Und dann ist da ja noch der andere Kommissar, der Kumpel von Seiler alias Lannert alias Müller. Der heißt Sebastian Bootz (Felix Klare) und hat viel damit zu tun, dass ihm die Familie abhanden gekommen ist und in seine Hände ein Schreiben von einer Rechtsanwaltskanzlei gerät. Seine Frau will die Scheidung. So ganz nebenbei muss er aber auch noch seinen Kumpel im Knast schützen.

Es entwickelt sich eine sehr zähe Handlung, eine, an der man als Zuschauer sehr rasch das Interesse verliert, weil bald schon klar ist, dass da Verbrecher ein- und ausgehen, wie es ihnen beliebt. Allein die Art und Weise, wie sie das tun, bleibt offen, die aber ist irgendwann auch schnurzpiepegal.

Man möchte nur noch raus aus diesem Langeweilespiel. Aber das geht nicht. Da sind ja die Mauern und der Stacheldraht. Kein Entkommen.

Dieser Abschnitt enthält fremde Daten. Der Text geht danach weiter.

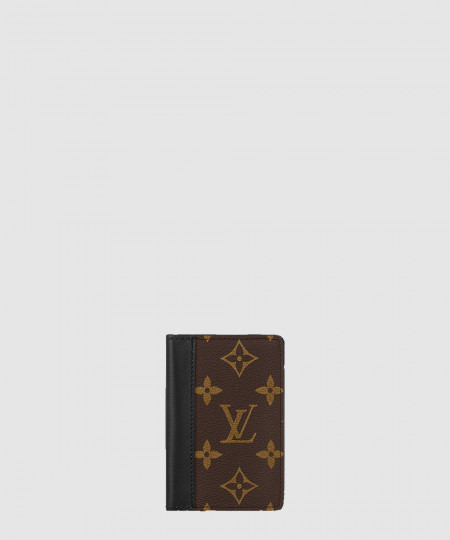 [LOUIS VUITTON-루이비통] 포켓 오거나이저 M60111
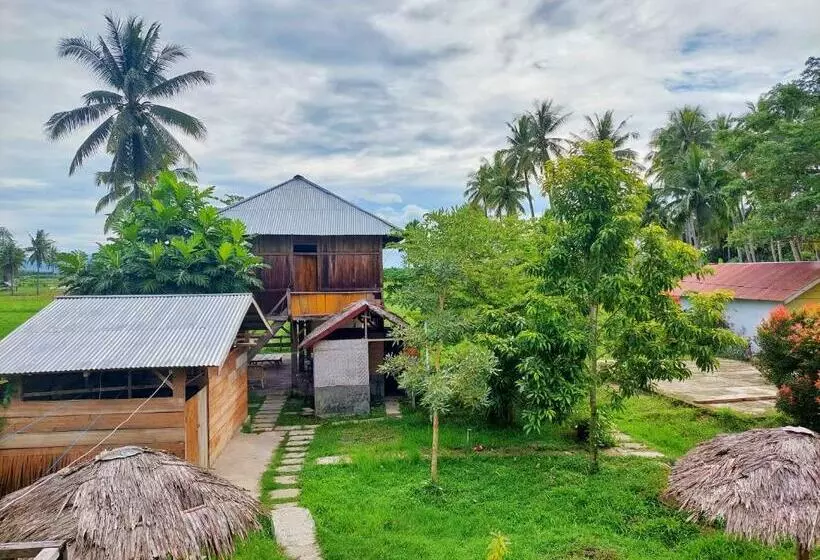 Majatalo Sunset Homestay By Harry & Mimin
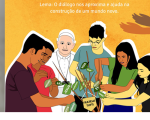 Dia Nacional da Juventude será celebrado em Itapecerica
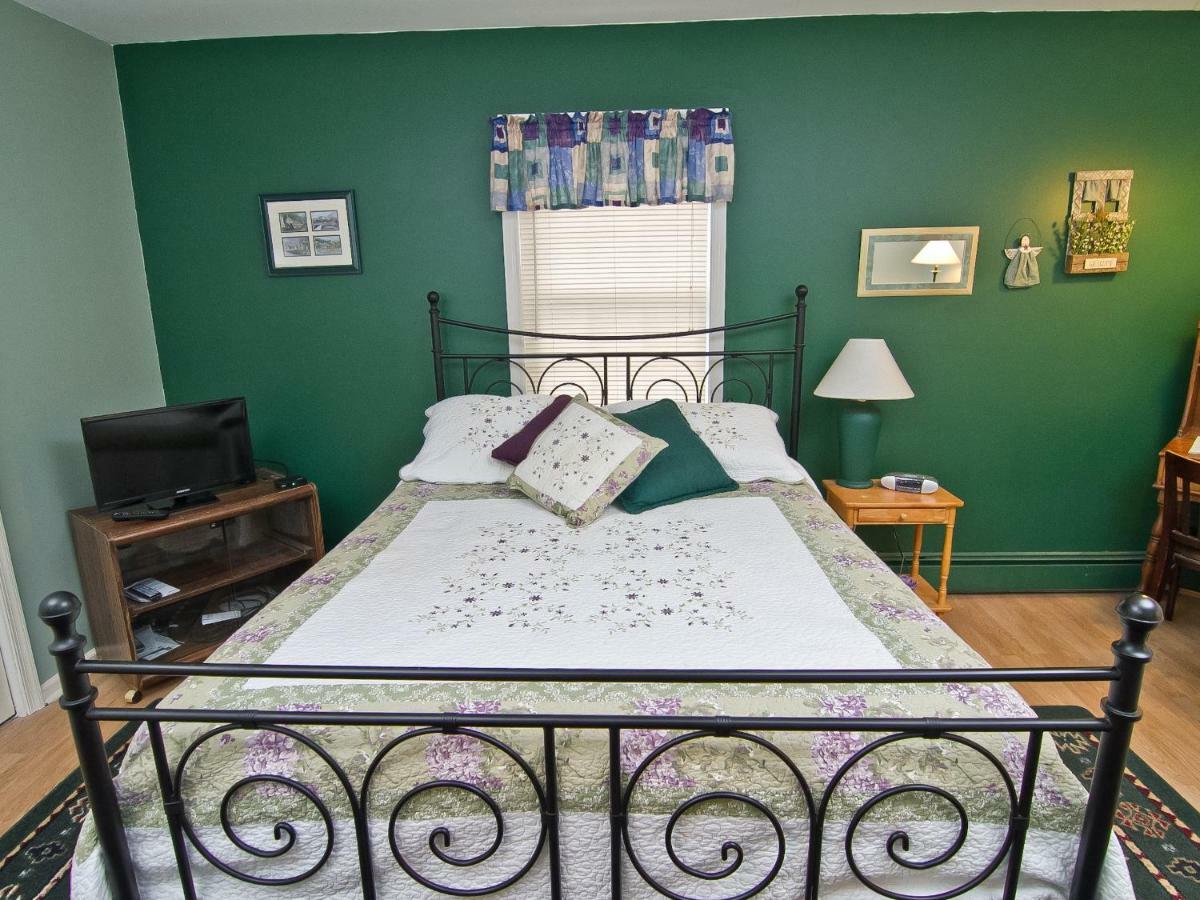 Pilgrim's Rest 3* Filadelfia
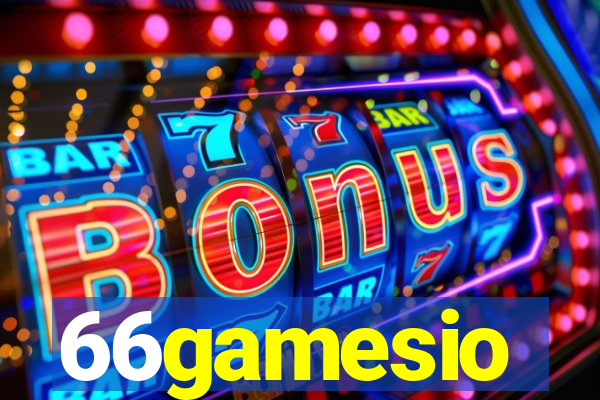66gamesio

Der einzige Gedanke, der bleibt, ist der, dass dies der vorläufig letzte „Tatort“ aus frischer Produktion ist. Danach wechseln sich Fußball und die Wiederholung alter Episoden ab, weshalb diese Rubrik in die wohlverdiente Sommerpause geht und erst im August wieder mit neuem Stoff gefüttert wird.